Salish Sea map manipulated from the beautiful original by Dr. Aquila Flower

While there was a lot of commentary and speculation at the time, I haven’t heard much since, now almost ten years later, and have lately been wondering if anyone has assessed the impact and if we’ve sort out an ultimate cause. To being with, SSWD was associated with infection by a sea star-associated densovirus; but later studies showed only clear association between this virus and the illness in one species, the sunflower sea star. Confounded, researchers even attempted to elicit illness in the lab in three other species but ultimately failed to do so. Concern that warming oceans may have resulted in the epidemic, researchers also looked into environmental factors, such as water temperature and precipitation patterns. One study from 2016 demonstrated, to everyone’s surprise, that SSWD was associated not with warmer but with colder water, at least in their study area along the Oregon coast and the Olympic peninsula of Washington. A later investigation, conducted in 2018, looking at six locations from Mexico to Alaska “could not identify a single or combination of parameters of environmental conditions that universally correspond with disease across multiple species or an entire geographic range.” That study concluded the relationship between environment, diverse pathogens, and sea star mortality was far more complex than currently understood.

Interestingly and also still unexplained, there was a tremendous boom of juvenile sea stars of several species in 2014 and 2015. Juvenile sunflower stars in particular were extremely abundant at many locations across the Strait of Georgia and Puget Sound, with populations as much as 300 times their typical numbers. Juvenile mottled stars (Evasterias troschelii) were spotted in large, ultra-dense congregations (almost disgustingly so) in certain locations. But only for a short time. The juveniles disappeared over a period of weeks to months, and no evidence of their abundance has so far been reflected in adult populations. So, just as Descartes suggested, however discernible things may ultimately be, the world does appear to be more complicated and interconnected than our senses or intuition would concede.

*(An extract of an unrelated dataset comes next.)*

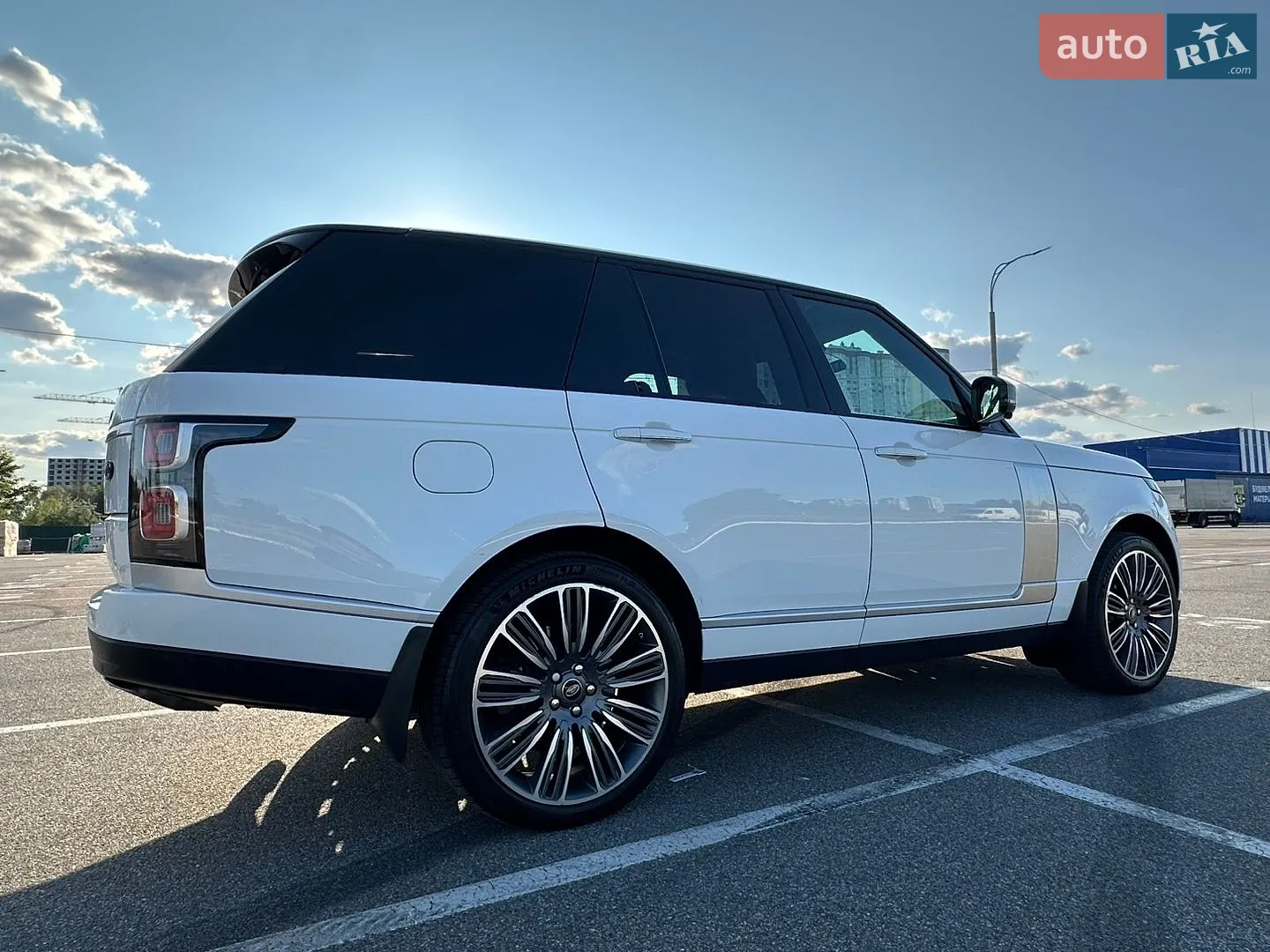 2013 Land Rover Range Rover - мініатюра 9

Whatever happened to the juvenile population booms and regardless of the disease etiology, what was observed with this epidemic were some devastating impacts. At the time, it was obvious that, although at least 20 species of sea stars were impacted and those populations have always been and remain quite variable by location, sunflower stars (Pycnopodia helianthoides), sun stars (Solaster spp.) and purple sea stars (Pisaster ochraceus) suffered most, with estimates of declines of not less than 90%. And it was a brutal thing, this disease. I mean “wasting disease” is never your friend, obviously; but, it’s also far uglier than it sounds. As for symptoms, first behavioural changes are observed, followed by lesions, and then a noticeable “loss of turgor” (their flesh loses its elasticity and starts sagging.) Then comes the crazy bit: “limb autonomy.” That’s how it sounds, but worse. What happens is the organism’s appendages may become zombie-like, each with a seemingly undead volition of its own, and walk away from one another in a wild episode of self-dismemberment. From there, the disassociated bits then die by way of “rapid degradation” (meaning they melt into a revolting, cloudy mush.) Brutal.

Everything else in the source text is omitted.